THE STORY – Encouraged by his fiancee, a man and his father spend the weekend with her wealthy and exceedingly eccentric family. The gathering soon develops into a culture clash, allowing father and son to discover the true meaning of family.
THE CAST – Bert Kreischer, Mark Hamill, Jimmy Tatro, Iva Babić, Stephanie Kurtzuba & Jessica Gabor
THE TEAM – Peter Atencio (Director), Kevin Biegel & Scotty Landes (Writers)

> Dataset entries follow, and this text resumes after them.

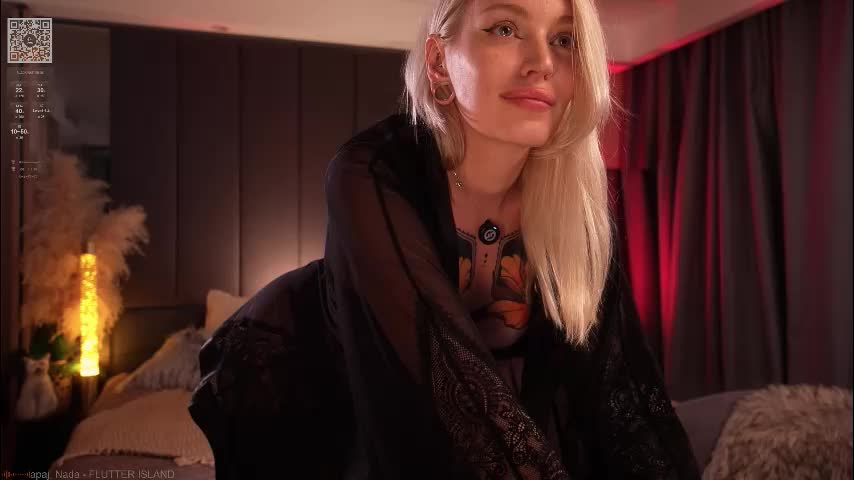 kinkylina_ Adult Chat October 17, 2025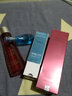 大衛(wèi)杜夫（Davidoff）COOL WATER 海洋之美女士香水七夕節(jié)生日禮物送女友 30ml 曬單實(shí)拍圖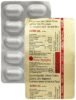 Zorcal Tablet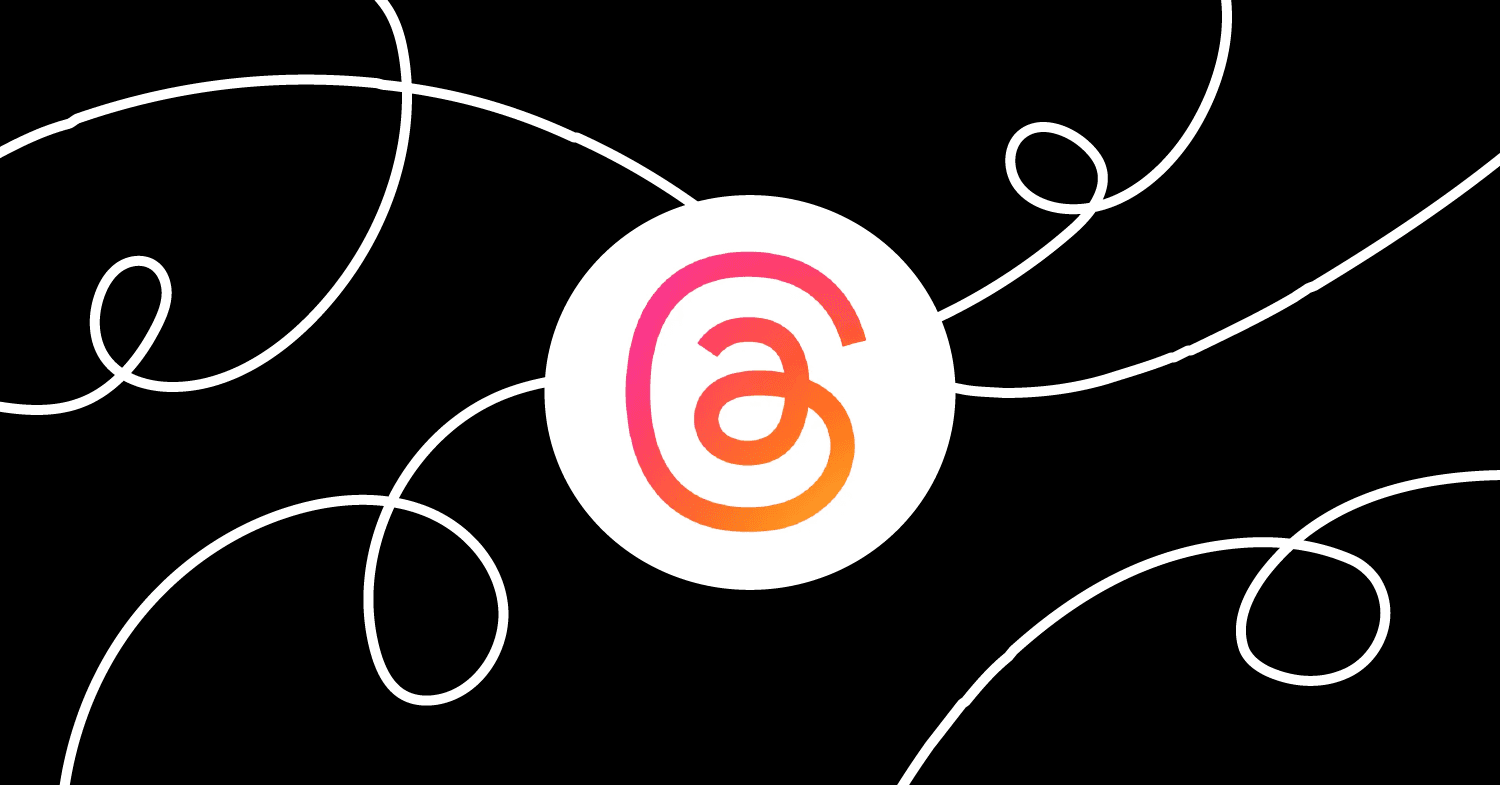 Threads the rising social media platform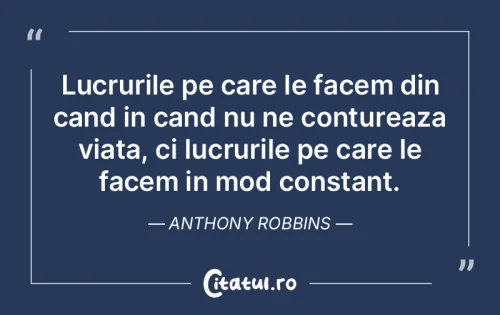 Citat Viață - Citatul.ro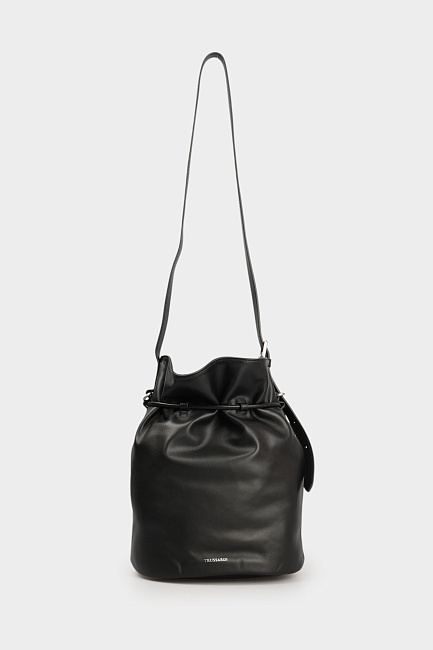 Сумка Trussardi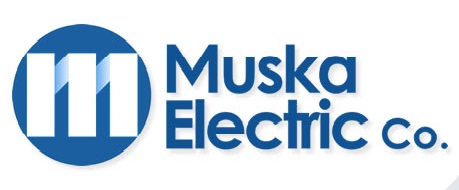 Image for Muska Electric with ID of: 819286
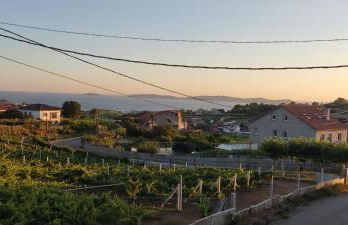 AT O FONTEIRO Yacuzzi Ons 202 - Foto 15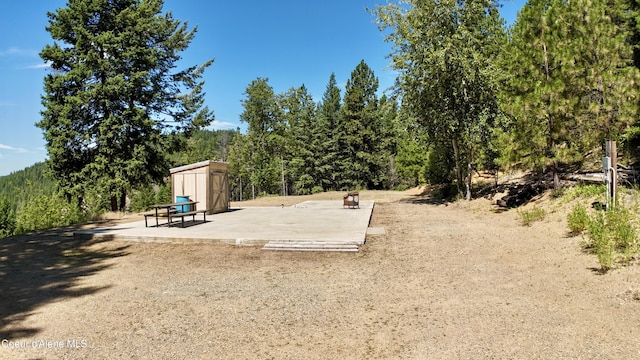 1710 Tower Mountain Rd, Blanchard, ID 83804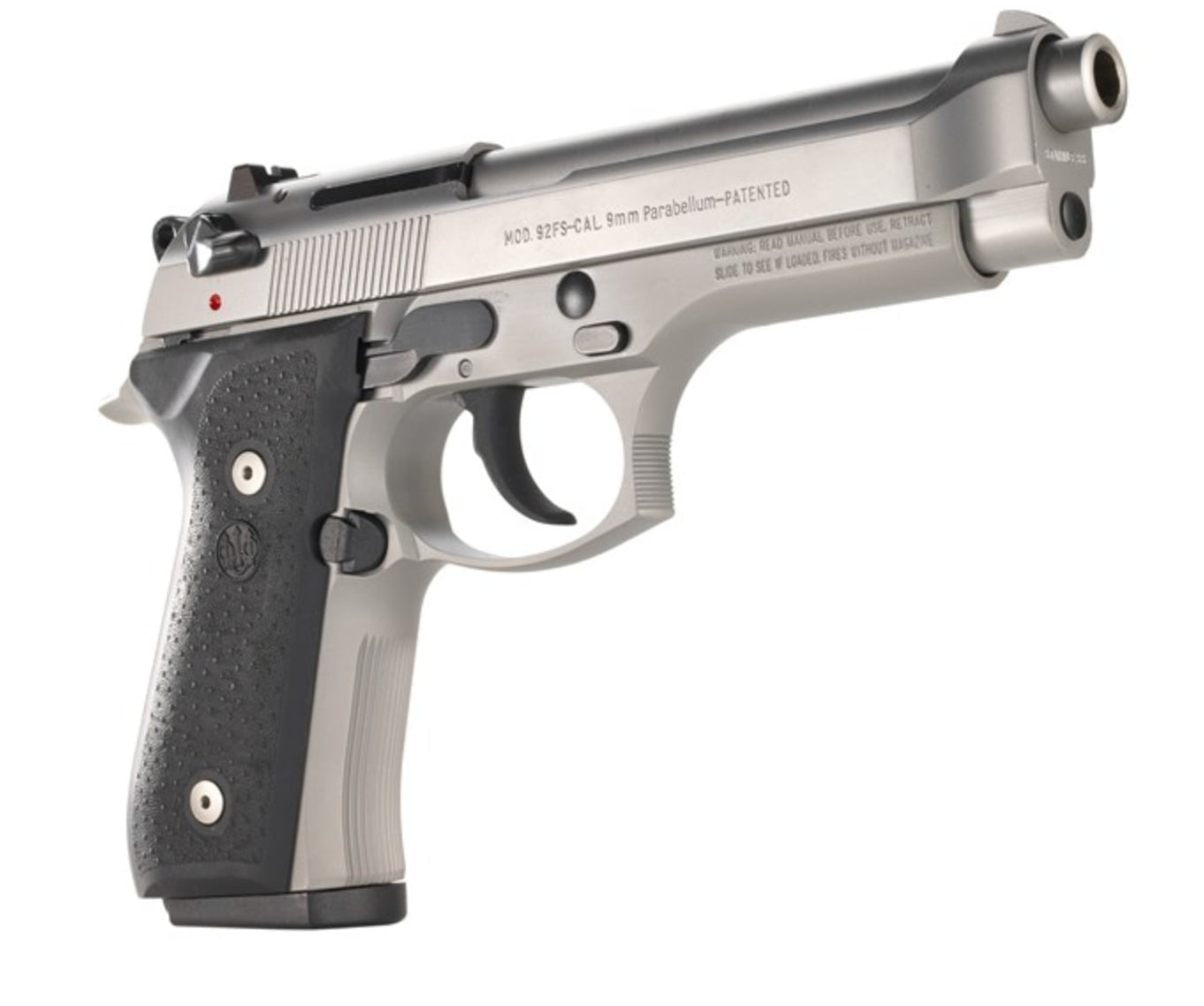 The 9 Best 9mm DA/SA Pistols April 2023 USA Gun Shop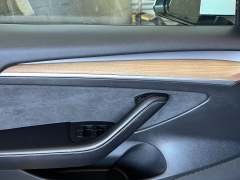 Used 2021  Tesla Model 3 Standard Range Plus RWD at Camacho Mitsubishi near Palmdale&comma; CA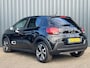 Citroën C3 1.2 PureTech 83pk Max | Stoelverwarming | Camera & Sensoren Achter | CarPlay | Lane Depature Warning I Cruise Control I Climate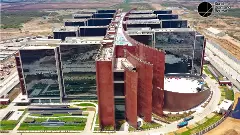 సూరత్‌ ఇక ఇంటర్నేషనల్‌ ‘జెమ్‌’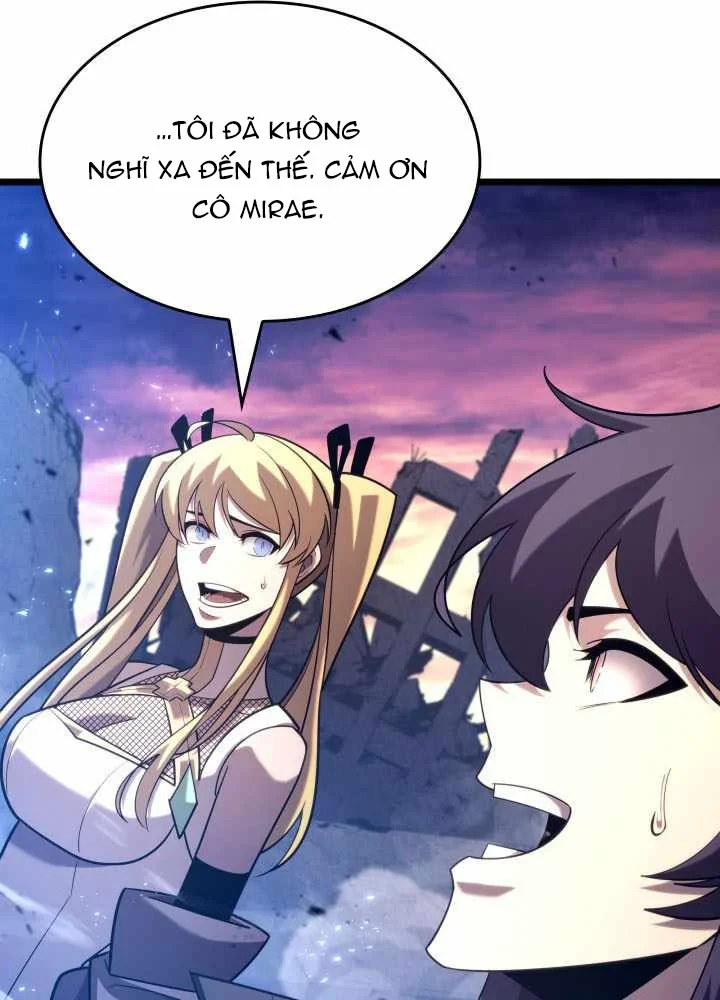 Sự Trở Lại Của Người Chơi Cấp Sss Chapter 175 - 78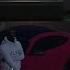 Shadowraze Джагернаут Gta Edition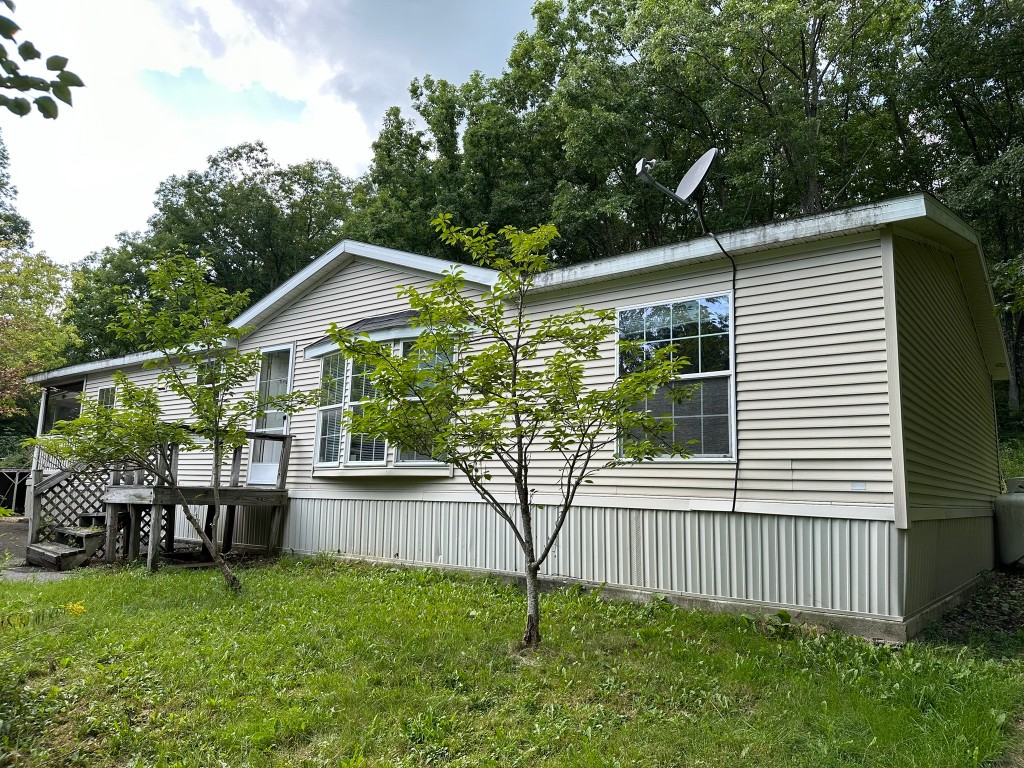 455 Ballyhack Road Port Crane, NY 13833 - Photo 1 of 18 Gallery Image 1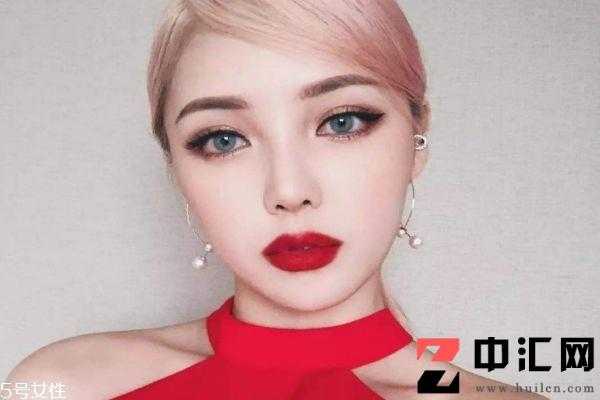 特殊化妆技巧有哪些 化妆实用小技巧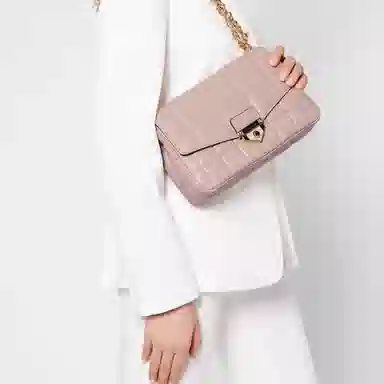 MICHAEL KORS MK Soho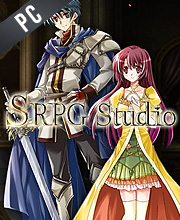 SRPG Studio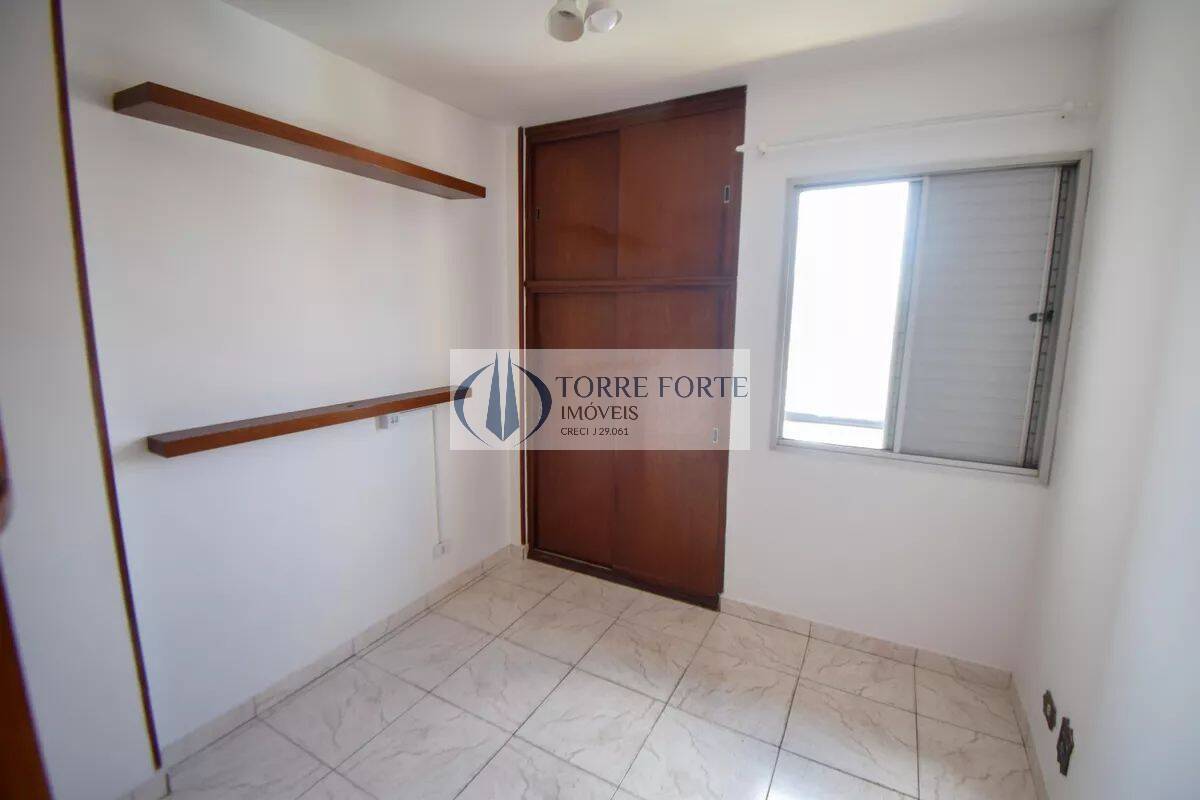 Apartamento, 2 quartos, 62 m² - Foto 14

THE RUNNING TIME – 112 Minutes
Stand-up comedian, Bert Kreischer’s life is truly stranger than fiction. While in college, Kreischer’s hard partying gained him national recognition, even leading to Oliver Stone buying the rights to his life story. That film fell through but eventually inspired, without Kreischer’s involvement or approval, the Ryan Reynolds film “National Lampoon’s Van Wilder.” As Kreischer developed a successful career as a comedian and podcaster, another wild story from his life went viral titled “The Machine.” It’s the wild story about how Kreischer inadvertently helped the Russian mob rob a train in Moscow. Kreischer’s feature film debut of the same name serves as a follow-up to that story. Sadly, fiction just doesn’t seem to live up to the original story. “The Machine” tells an absurd story that’s only marginally funny and only serves up mildly entertaining action. The memorability of Kreischer’s storytelling is lost in the transition to film, making for a forgettable action comedy.
The biggest struggle in “The Machine” is the first act, before the action elements kick in. Kreischer plays a semi-fictionalized version of himself in “The Machine,” which opens with a montage of his career. The montage briefly recaps his viral bit about “The Machine,” but one may feel like they’re missing information without watching the actual clip in its entirety before seeing the film. As “The Machine” sets up Bert and his family, the writing is so desperately unfunny and unoriginal that it’s painful to sit through. From the opening scene of the family in therapy (what better way to get out some exposition?) to the CBS-sitcom-style jokes, “The Machine” didn’t have a promising beginning. After publicly embarrassing his older daughter (Jessica Gabor), Bert struggles to connect with his kids and steps away from his career. But after a Russian mobster sees his “Machine” clip go viral, Bert and his estranged father, Albert (Mark Hamill), are kidnapped.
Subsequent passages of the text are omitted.